China is often the last stop in the assembly process and thus the recorded import supplier to the United States. However, materials and components are often first imported into China from other Asian countries then assembled for export.
Over 50 percent of China's goods exports are part of this global processing supply chain.
U.S. industrial production (78 percent of which is manufactured goods) rose by 46 percent between 1994 and 2006.
As the U.S. economy becomes increasingly globally integrated, the U.S. manufacturing base remains strong. While the U.S.'s manufacturing share of GDP is declining, America is still the world's number one manufacturer, accounting for more than 20 percent of worldwide manufacturing value-added – that's twice as much as Germany and more than 2.6 times as much as China.
The U.S. manufacturers more today than ever in its history – seven times as much real output as in 1950, with roughly the same number of workers as in 1950.
Global
Increased international trade has raised real incomes, restrained prices, introduced greater product variety, spurred technological advances and innovation, and raised real living standards in the United States.
The annual payoff from trade liberalization to date is over $10,000 for an average American family of four.
This includes the Tokyo Round, Kennedy Round, and Uruguay Round, NAFTA and other U.S. free trade agreements.
The removal of remaining global barriers to trade in goods and services could generate an additional $600 billion in annual income for the United States. Most of these gains arise from the liberalization of trade in services.
Approximately 57 million American workers are currently employed by firms that engage in international trade.
These firms tend to be more productive, have higher employment growth and pay their workers higher wages than domestically-oriented firms.
Imports
International trade in goods and services exposes firms to foreign competition and reduces their ability to charge high markups above production costs.
The average annual growth in U.S. import prices for the period 1990-2006 was just 1.4 percent compared to 3.1 percent for overall consumer prices.
Exports
Firms engaged in the international marketplace tend to exhibit higher rates of productivity growth and pay higher wages and benefits to their workers than domestically-oriented firms.
Wages paid by manufacturing plants that export are 9 percent higher on average than wages paid by non-exporting plants of the same size.
And the wage premium for service-oriented firms that export is even higher--13 percent.
U.S. exports to the ten most recent U.S. FTA partner countries -- FTA's implemented between 2001 and 2006 -- grew twice as fast as U.S. exports to the rest of the world (26 percent versus 13 percent).

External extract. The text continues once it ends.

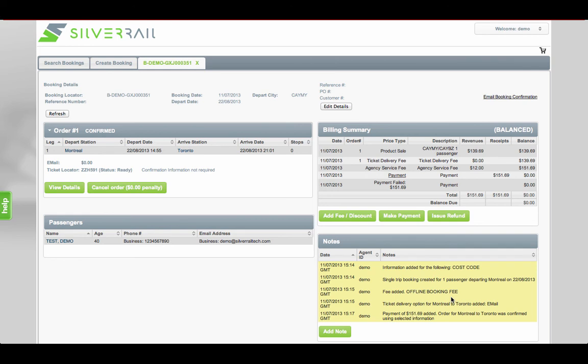Cancellations and refunds can also be processed via the tool and in many cases these are instant. We've designed the system to make it easy to use which means that training on average takes around 15 minutes.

Exports accounted for approximately 30 percent of U.S. economic growth in 2006.
All 50 states benefit from exports: exports account for over 20 percent of manufacturing jobs in South Carolina and over 35 percent in Washington. Agricultural exports support nearly 400,000 jobs in the U.S. farm sector.
The Role of Multinational Firms
International trade is an important channel of international commerce but it is not the largest channel. Many U.S. firms access foreign markets through foreign direct investment and producing and selling abroad.
U.S. firms deliver five times the value of services (and two and a half times the value of goods) through their foreign affiliates as they do through cross-border trade.
Globally engaged U.S. multinationals on average pay their employees about 20 percent above the national average.
U.S. multinationals have been one of the main drivers of overall U.S. productivity growth over the last three decades and accounted for over half of U.S. productivity growth between 1977 and 2000 and for half of the increase in U.S. productivity growth between 1995 and 2000.
Studies show that economic activity abroad by the U.S.
multinational companies complement domestic economic activity.
One dollar of additional foreign capital spending is associated with $3.50 of additional domestic capital spending. And when multinationals hire abroad they also expand employment here at home.
While U.S. multinationals account for 25 percent of total U.S. output and 20 percent of employment, they account for a disproportionately high share of U.S. goods exports (49 percent), goods imports (31 percent), physical capital expenditures (29 percent), and research and development spending (68 percent).